The message he must communicate is beyond pure reason. The troop numbers, the strategic rationale and the policy direction matter more as indicators of temperament than as elements of an argument. The question of commitment was less pressing six months ago when Gen. Stanley McChrystal, trumpets across Washington blaring, was sent to take command in Afghanistan. But now it can no longer be avoided. The current moment is a test of the president’s “courage d’esprit,” of his determination.

The trouble is, the president is speaking to multiple audiences. There is a constituency - called the American people - who are as much interested in hearing how the war ends than in Churchill 2.0. There is Pakistan, which we are told wants to hear that we'll never leave, ever, so they'll stop backing the Afghan Taliban. There are the Afghans themselves - some of whom want a reassurance that the U.S. will not bug out on them and others who want a reassurance that the U.S. is not bent on permanently occupying them. You can signal resolve to one party and undermine your message to the other.

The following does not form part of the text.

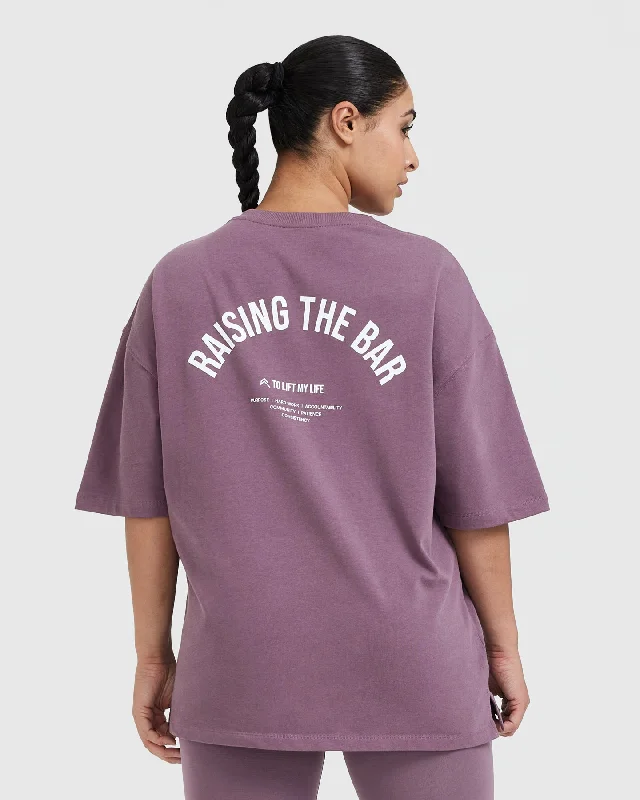 Raising The Bar Graphic Unisex T-Shirt | Vintage Purple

The broader problem is that this question of resolve is a red herring. What if Obama resolutely declares that American interests will be better served with an off-shore approach? I suspect Donnelly would not be pleased with such a display.

But more broadly, the president is one man. In a democratic society, there is going to be a loud, public clash of views on the subject of whether we need to stay in Afghanistan for decades or whether we should switch our strategy. By the very nature of our society, it is impossible to signal "resolve" when it comes to a mission that is as ambiguous as Afghanistan has become. There will always be powerful voices - in Washington, in the media, etc. - who can dissent and by dissenting, dilute a unified message. If the Taliban are paying attention, they'll surely pick up on that dissent no matter how resolute President Obama becomes. Unless you want to silence that dissent, there's no way a democratic debate cannot ultimately serve as fodder for enemy propaganda.

That's not to say it's impossible for a democratic society to convey an image of resolve. You could signal unity of purpose and seriousness about the war by instituting conscription and putting the economy into a war-footing, as we did during World War II (great stimulus prospects there as well). Both moves would certainly put the world on notice that America was serious about the business in Afghanistan.